Aerating w/ a 2-3 inch (best case) machine? I'd put money /time elsewhere


----------



## Greendoc (Mar 24, 2018)

Plain old blue Dawn. 4 oz per 1000 sq ft. Not a bad substitute for the commercial golf wetting agents.


----------



## Buffalolawny (Nov 24, 2018)

10ml to 5ltr


----------



## Theycallmemrr (May 16, 2019)

Greendoc said:


> Plain old blue Dawn. 4 oz per 1000 sq ft. Not a bad substitute for the commercial golf wetting agents.


@Greendoc 
Good to know. How long does it last? 
Have you witnessed any long-term detrimental effects?
I have also seen yuca extract and sodium laurel sulfate/sodium laureth sulfate used. What is your opinion on those alternatives?


----------



## 12620 (Oct 2, 2020)

Thanks! From what I've read its best to apply during a good rain and though its effect doesn't have any lasting impact like other higher end products would, it is a good short term poor-man's solution.

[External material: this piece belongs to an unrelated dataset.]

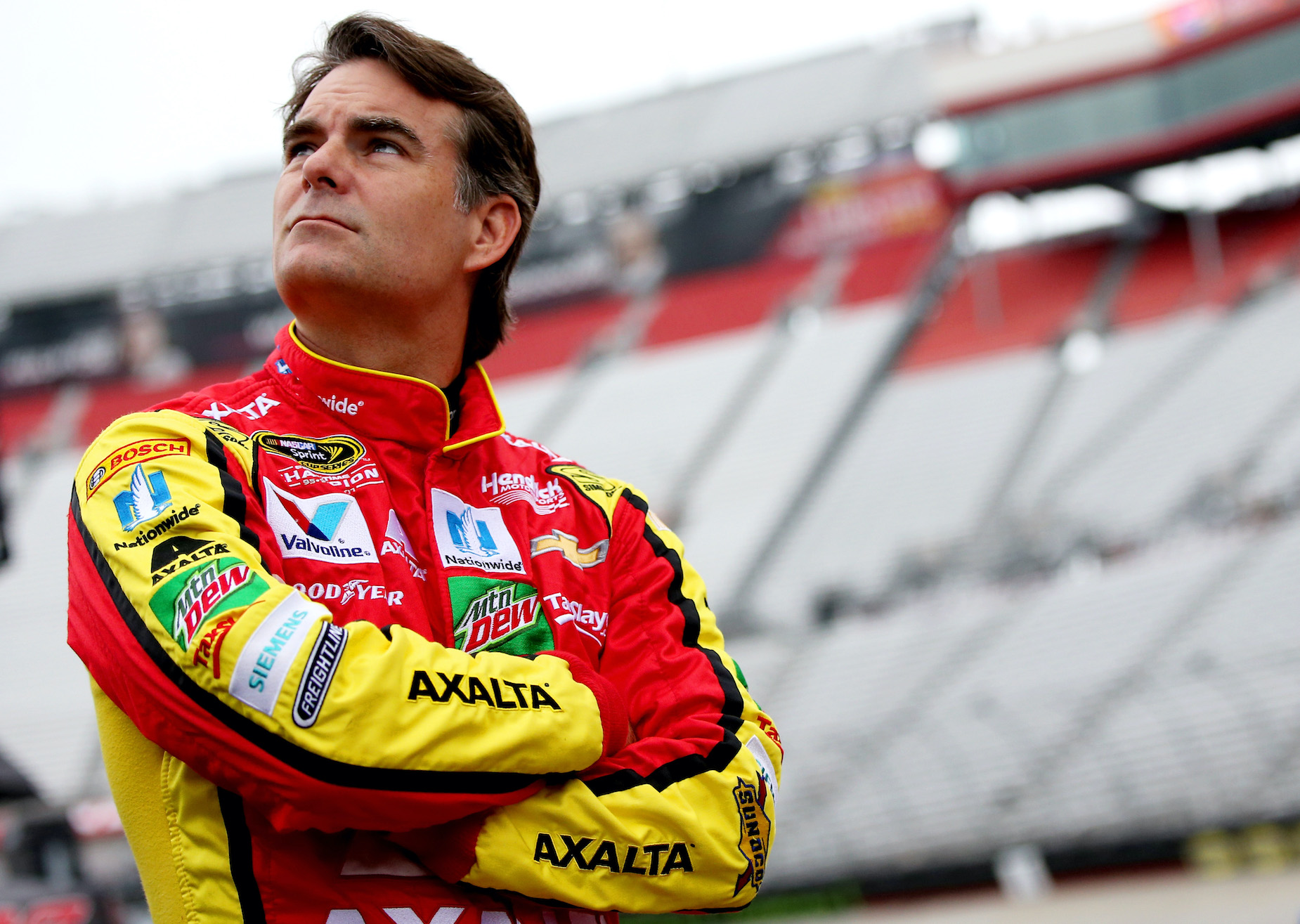 NASCAR star Jeff Gordon stands outside of his car during practice.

I was checking for possible mole crickets yesterday and slowly dumped 2 gallons of water over 2 sq ft and the water just rolled away. Luckily it turned out to be ants.


----------



## Greendoc (Mar 24, 2018)

Theycallmemrr said:


> Greendoc said:
> 
> 
> > Plain old blue Dawn. 4 oz per 1000 sq ft. Not a bad substitute for the commercial golf wetting agents.
> ...


Lasts up to a month. I have never used Yucca or SLS. Dawn is in everyone's kitchen and it works.


----------



## TulsaFan (May 1, 2017)

Greendoc said:


> Plain old blue Dawn. 4 oz per 1000 sq ft. Not a bad substitute for the commercial golf wetting agents.


@Greendoc Do you have a preference for hose end applicators when applying the Dawn?


----------



## ENC_Lawn (Sep 9, 2018)

@TulsaFan What exactly does the Blue Dawn Do?

Would this be used to soften up a clay based or compacted soil?


----------



## TulsaFan (May 1, 2017)

The Dawn acts as a wetting agent or surfactant. It attracts water to the soil surface and root zone. It also penetrates compacted soils with high organic matter and low infiltration rates. It helps to decrease the effects of hydrophobic soils.
It increases the water holding capacity so that soil moisture levels remain consistent no matter the weather conditions.

In the past, I have used Baby Shampoo as it has zero chems and is ph balanced. (3 oz to 1,000 sq ft.)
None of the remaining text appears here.